So I think the 'safer spaces' side of things probably feeds into groups being less dominated by relatively powerful demographics, which in turn probably leads to a practice which is more plural in terms of the class needs it aims to address. In terms of the outward looking stuff, I think a lot is probably the stuff any good organising should do anyway: if a lot of co-workers (residents in your area/etc) are parents, maybe meet at lunchtime not after work; if a lot of them are practising muslims, don't meet in a pub. This seems really obvious, but once there was an SF event where the national secretary (who was a wheelchair user) travelled all the way down only to be told the venue wasn't accessible and have to turn around and drive back. So I think a lot of this happens literally without thinking.

I guess there's also other areas for organising. When it comes to work, or landlords, there's some fairly developed tactics knocking about for tipping the power balance in our favour through collective direct action. But with other issues, not so much. We did recently discuss possible anti-stalker tactics (thinking about that SolNet style intervention that was on YouTube), but that hasn't been necessary yet. Though the person involved at least knew she had support if she needed it. I don't know how you'd go about organising around say, the burden of domestic labour. But I think we should be aiming at least at making these conversations possible.

fingers malone wrote:
So workers unity can mean, for a lot of people, being told to shut up and do the dishes. The people benefiting don't see themselves, and are not criticised by others, as undermining class unity through their sexism or racism or whatever, it is only evoked when someone complains.

Yeah, this was the kind of thing I had in mind. Like the Occupy Glasgow rape, where being raped was apparently "divisive", but raping was presumably fine, cos [insert victim blaming]. I guess the thing is everyone's a 'minority' of some sort, in that no experiences are universal. The problem of 'false unity' arises when particular interests are asserted as universal ones rather than a substantive unity when plural interests are asserted together. Which requires a culture where people can speak up. If we oppose the politics of representation, we need to create the conditions where people can speak and act for themselves.

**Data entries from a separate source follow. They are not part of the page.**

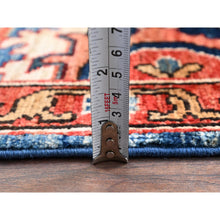 Load image into Gallery viewer, 2&#39;8&quot;x10&#39; Horizon Blue, Heriz All Over Design, Aryana Collection, Vegetable Dyes, High Mountain Wool, Hand Knotted, Soft Pile, Densely Woven, Runner, Oriental Rug FWR6642
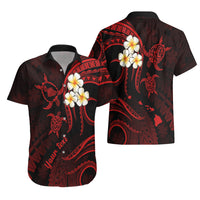 Personalised Maui Hawaii Hawaiian Shirt Polynesian Tattoo and Pacific Plumeria Red Vibe LT9 - Polynesian Pride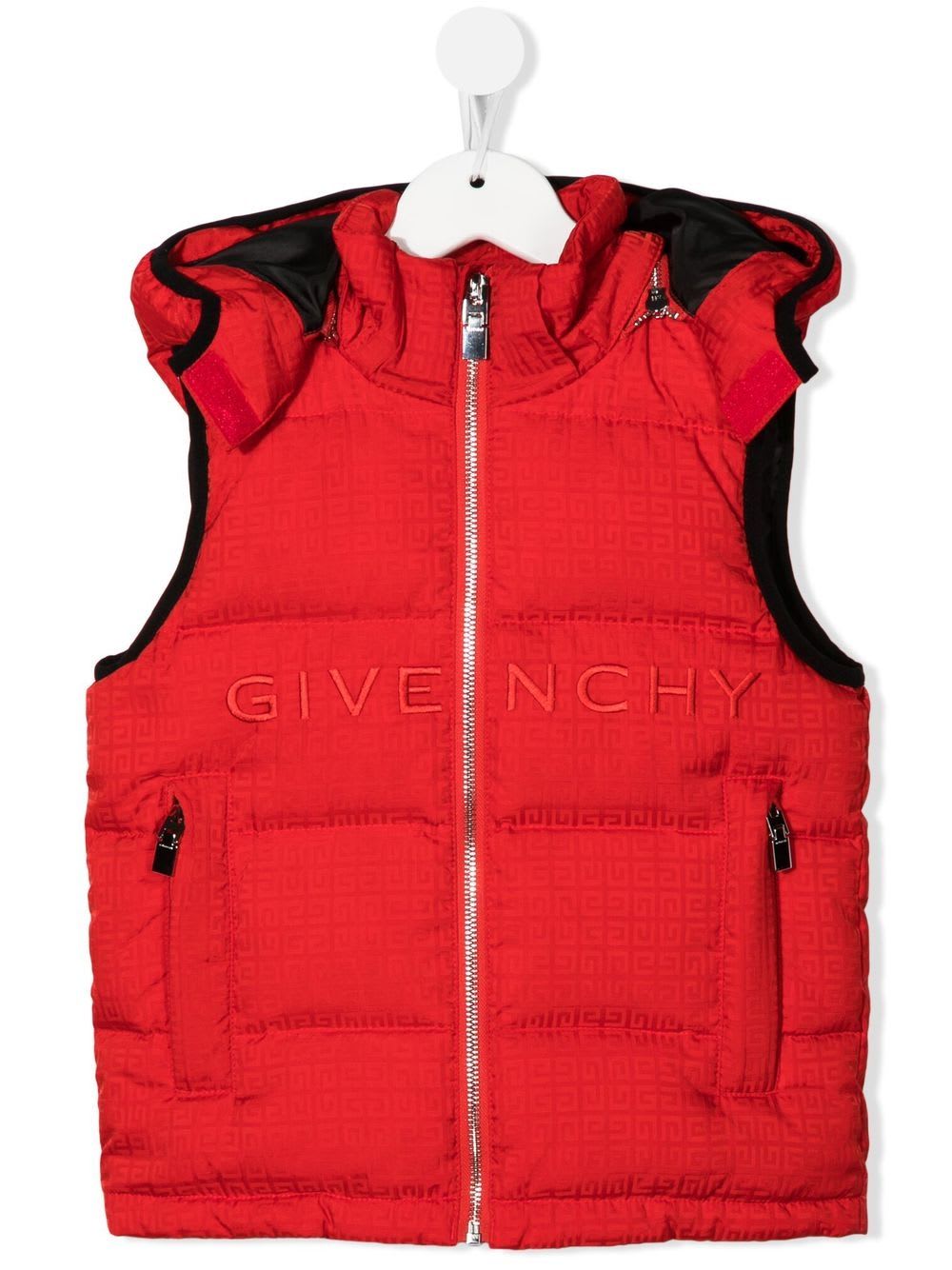 Givenchy Kids' Red Polyester Gilet In Rosso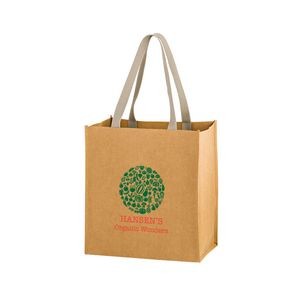 12" x 8" x 13" RIVER - Washable Kraft Paper Grocery Tote Bag w/21" Web Handle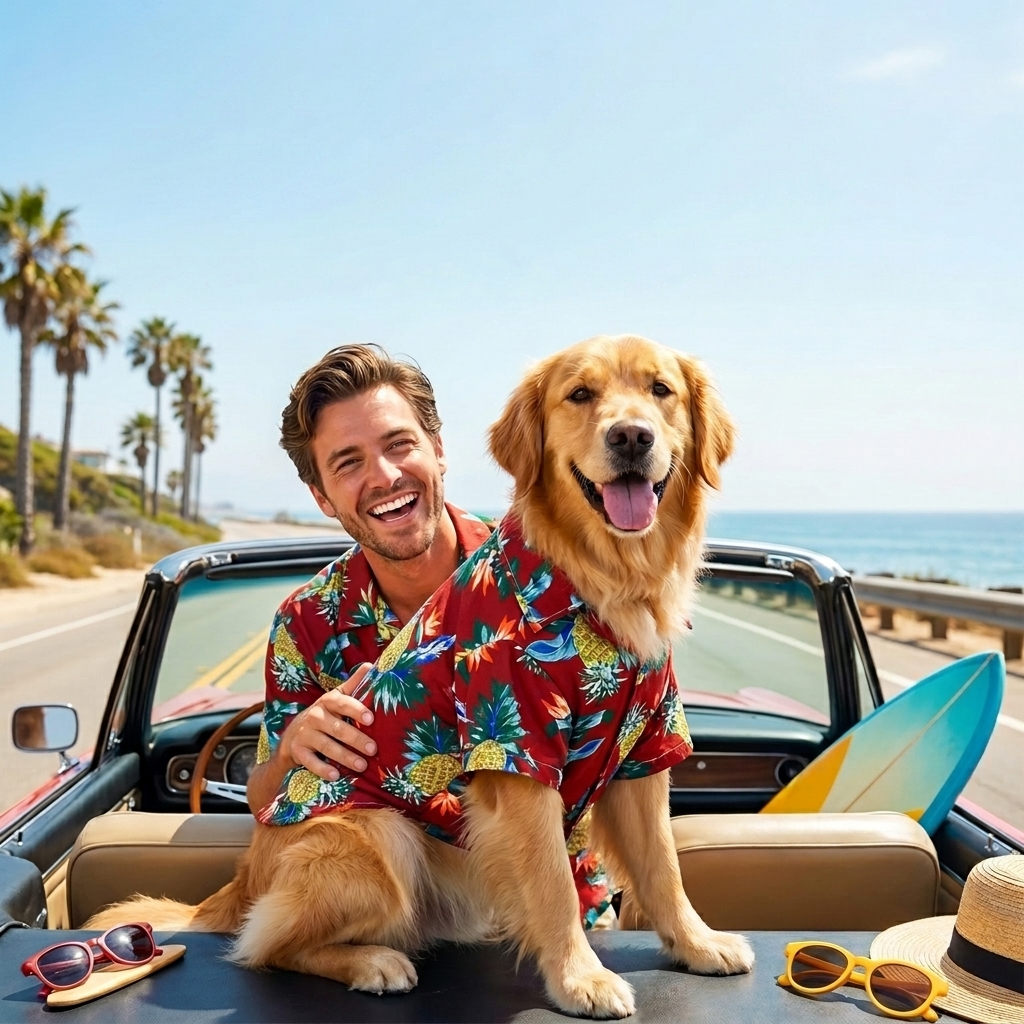 Custom Pet and Owner Matching Hawaiian Shirt Set – Personalized Photo Tropical Outfits for Dogs, Cats, and Humans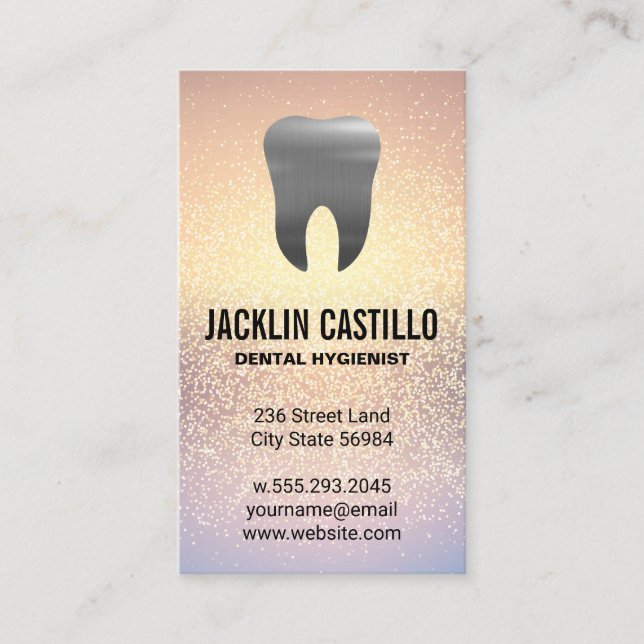 Carte De Visite Dent métallique argenté | dentisterie | Shimmer (Devant)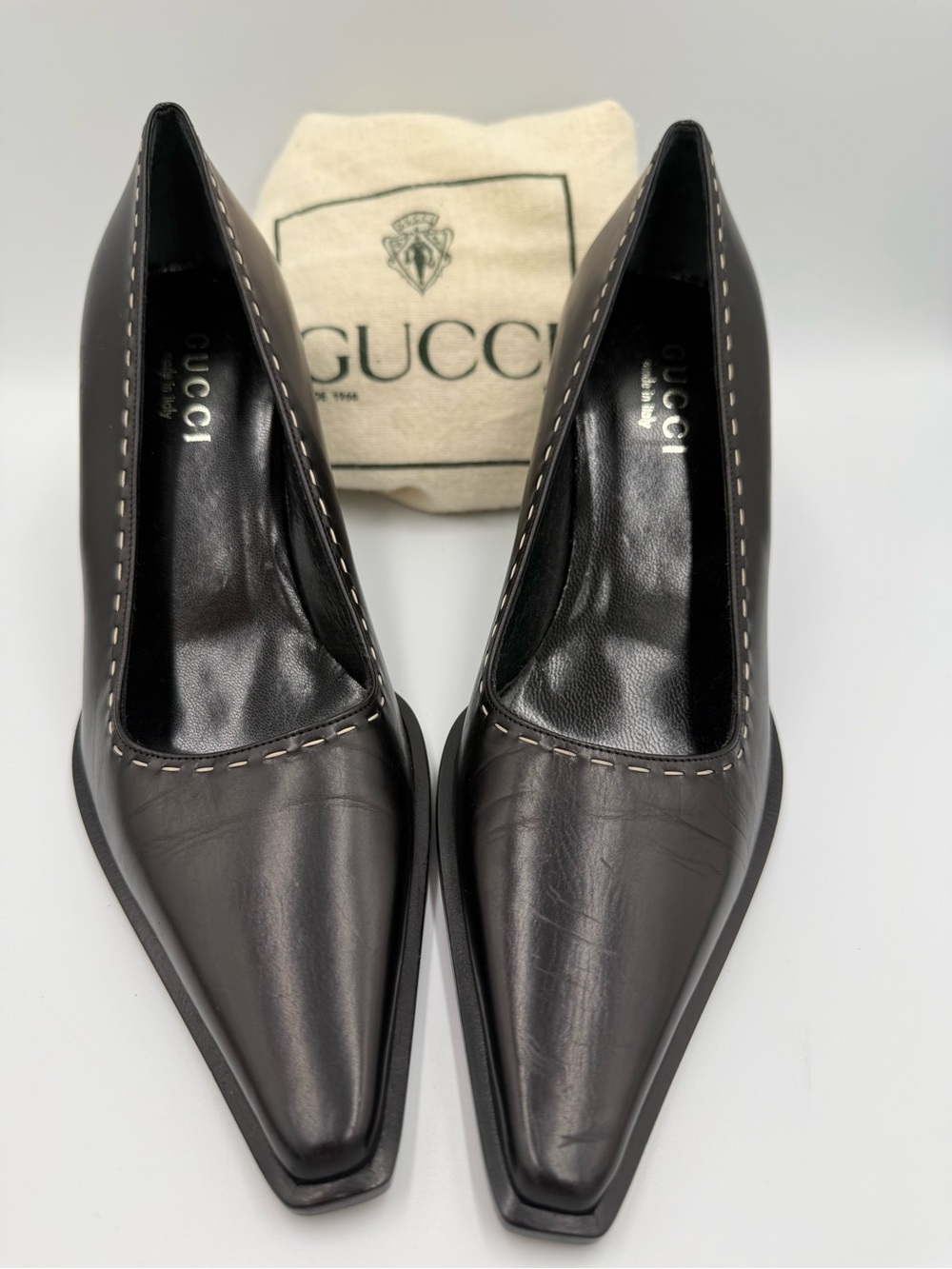 Gucci Black Leather Pointed Square-Toe 3” Pumps with Contrast Stitching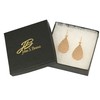 Small Damask Embossed Bronze Long Teardrop Earrings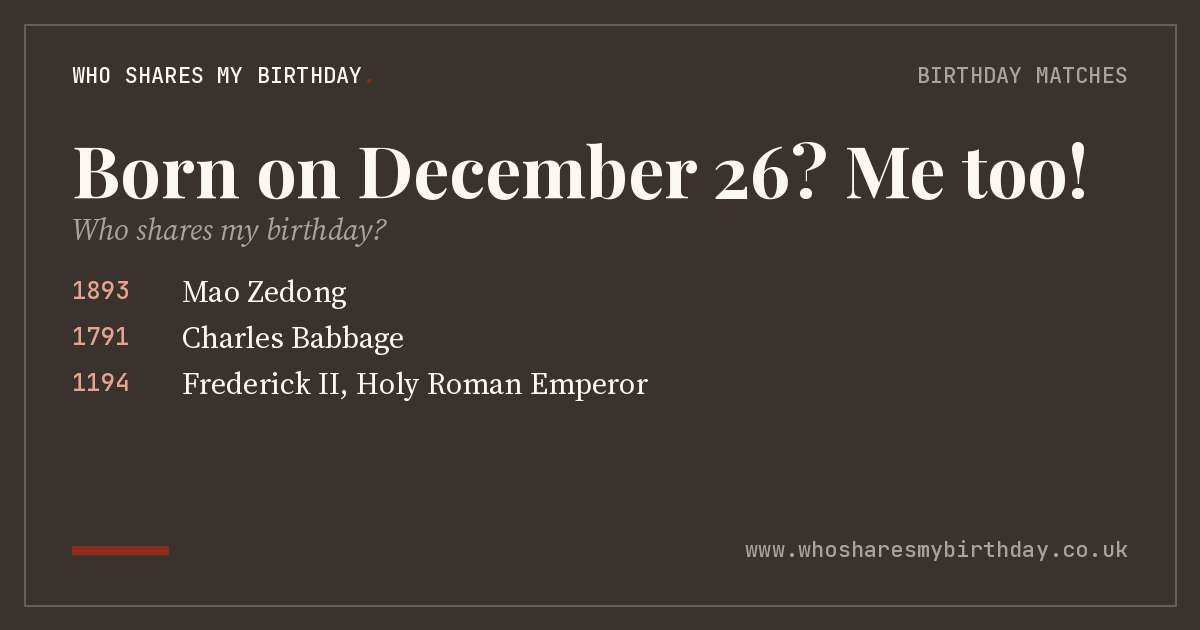 Born on December 26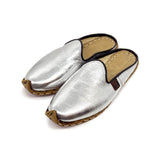 CHARYK TINSEL SILVER / hand-stitched leather slip-ons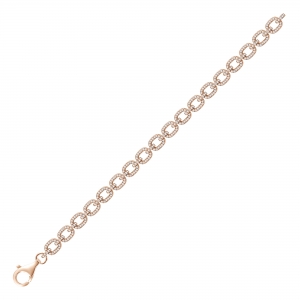 Pulsera linea premium, eslabonada pave, color rosado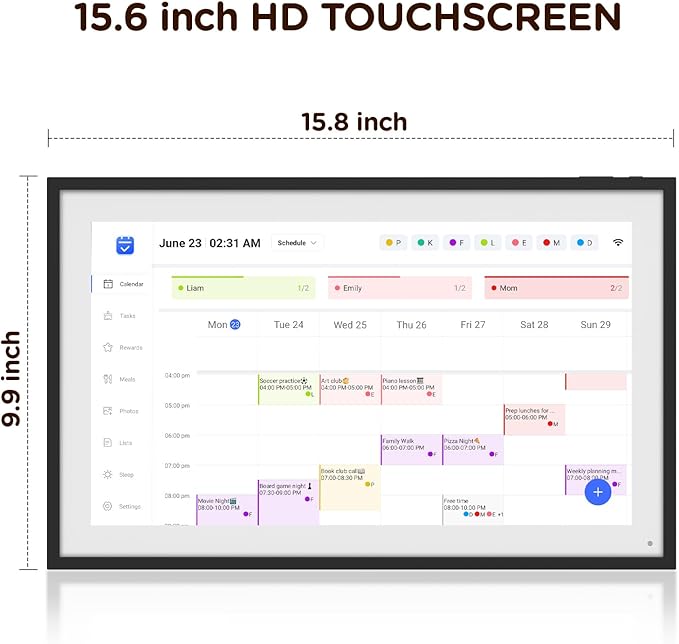 15.6 Inch Digital Calendar, Wall Electronic Desk Calendar, Full HD 1920 * 1080P IPS Touchscreen Interactive Display for Family Meal Planner Support - Streamline Household Organization-CubbioJoy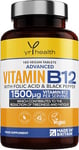 Vegan Vitamin B12 Tablets 1500mcg Methylcobalamin High Strength with Added Folic Acid & Black Pepper - 180 Tablets (6 Month Supply) - Reduction of Tiredness & Fatigue - Made in The UK by YrHealth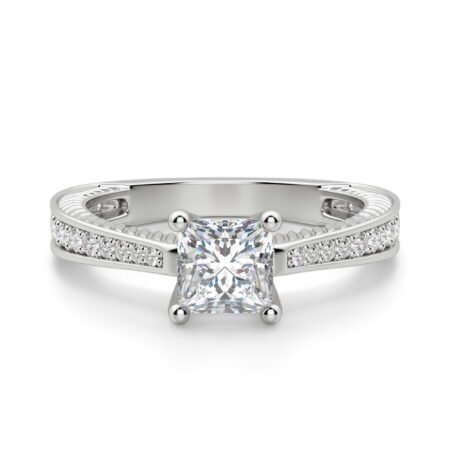 Sage Accented Princess Cut Engagement Ring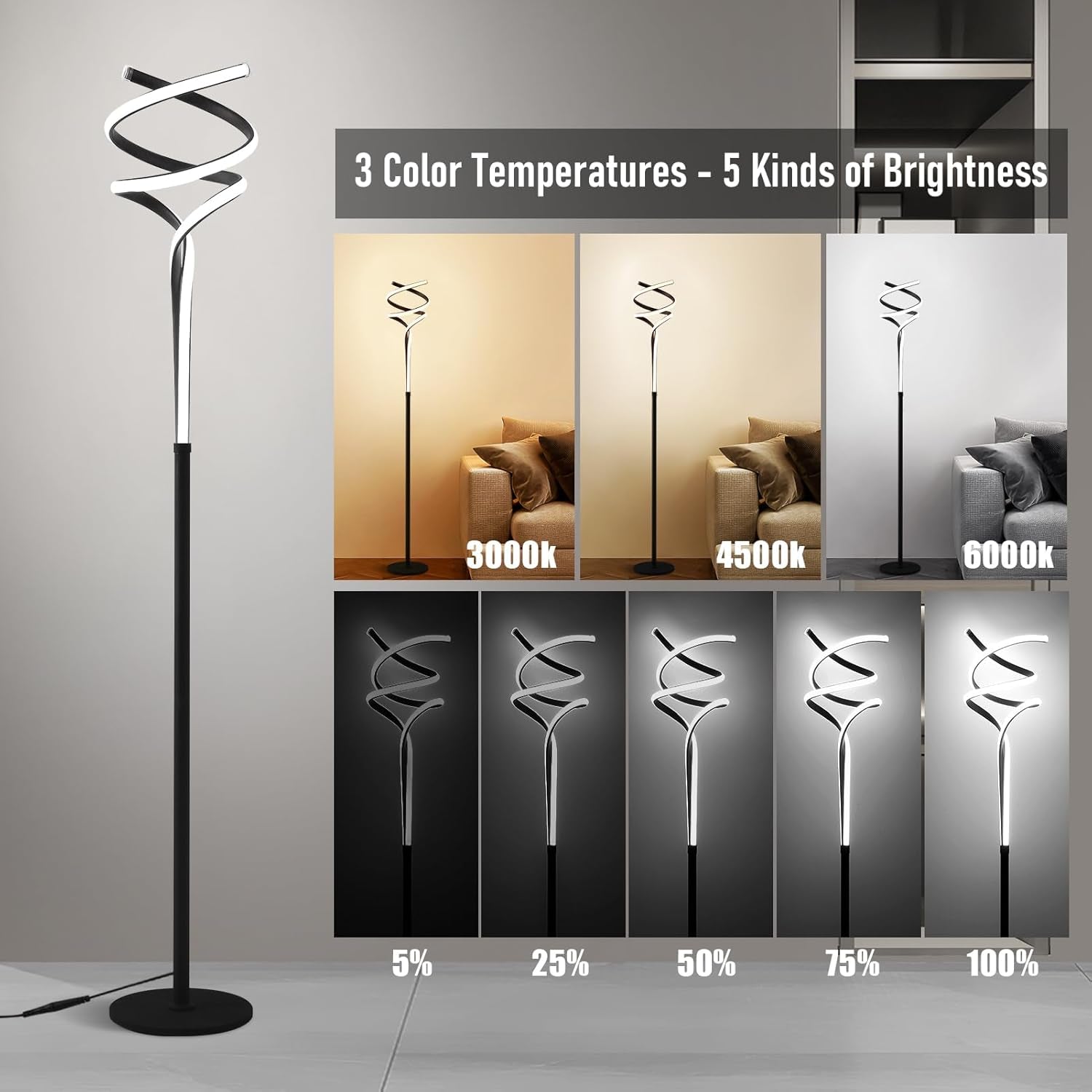 LED Floor Lamp with 3 Color Options and 5 Brightness Levels, 63'' Black Standing Lamp for Living Room, Bedroom, and Office with Remote Control and Foot Switch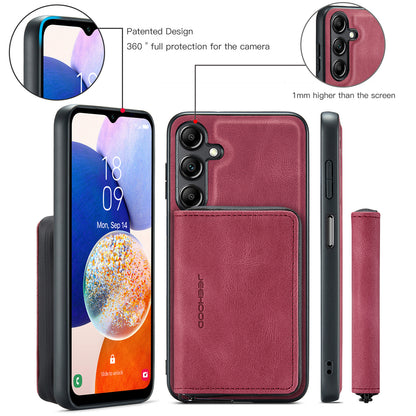 Magnetic Removable Zipper Wallet Galaxy A14 Case Leather Back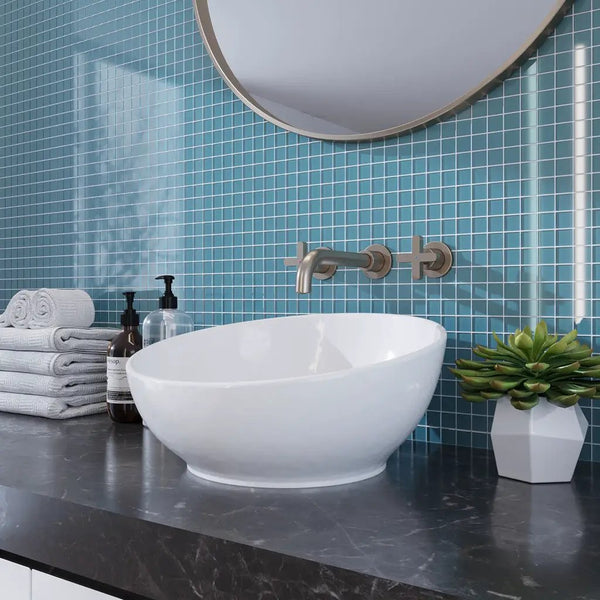 Sky Blue 12x12 Glossy Square Glass Mosaic Tile (10 pack, 9.67 sq ft/case)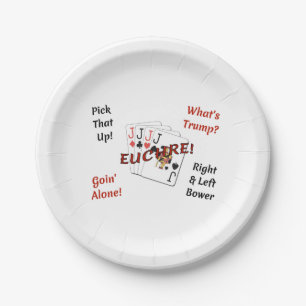 Plato De Papel ¡Placa de papel 7 pulgadas - Euchre!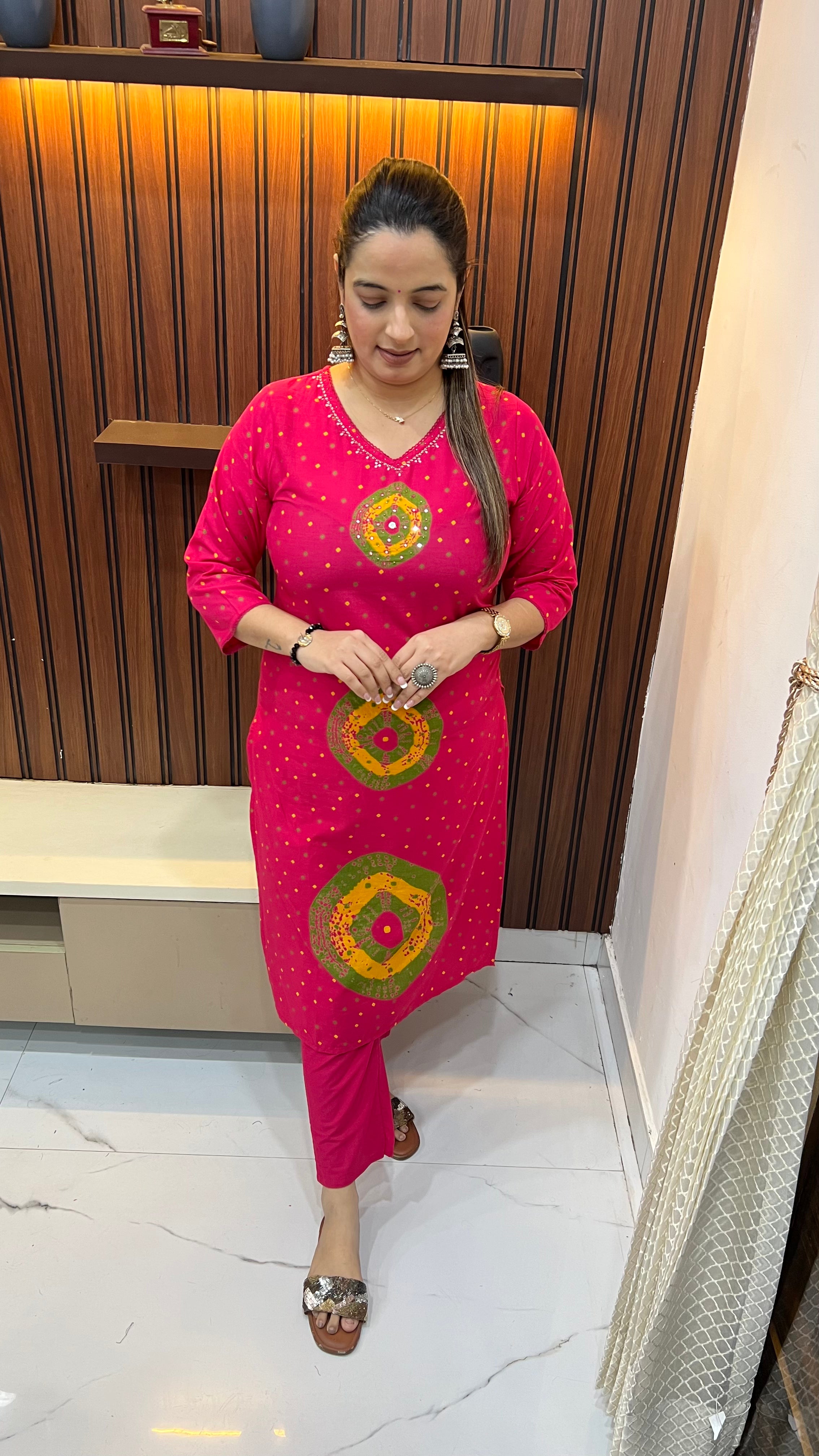 Pure Cotton Suit — Hand Embroidery with Bandhani Print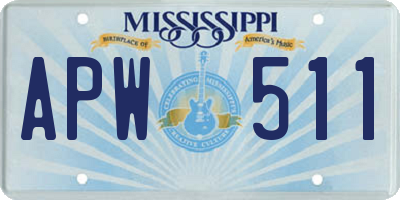 MS license plate APW511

I guess I have in mind something like Wendy Brown's conception of freedom as the power to act together. Barriers to that freedom typically come from the bosses, the cops, letting agents etc but sometimes from comrades too. And that can't be let slide in the name of unity, it has to be overcome in the cause of freedom and collective power (and therefore substantive class unity). I guess sometimes that could require autonomous organising, which often gets erroneously labelled 'separatism'. As Gayge Operaista's blog put it:

Gayge Operaista wrote:
While groups within the working class can and often must struggle autonomously, those struggles need to return to and generalize throughout the rest of the class as they progress. The struggle for queer liberation is not against straight people; it is part of the struggle against the bourgeoisie
fingers malone
May 19 2012 20:12

Regarding the ingroup/outreach thing, I think both JK and Nate are making good points. Thinking about issues like access, timing of meetings and so on is important but it's only a start. Many community/workplace struggles have really serious racist or sexist dynamics running through them and we usually don't really know how to change that. Political people who are not directly affected by racism or sexism can be really dismissive of it or blind to it in this situation.
Sorting out our internal dynamics in our groups and scenes is important but working out ways to deal with these issues in active struggles is also very important and something I've not often seen dealt with well.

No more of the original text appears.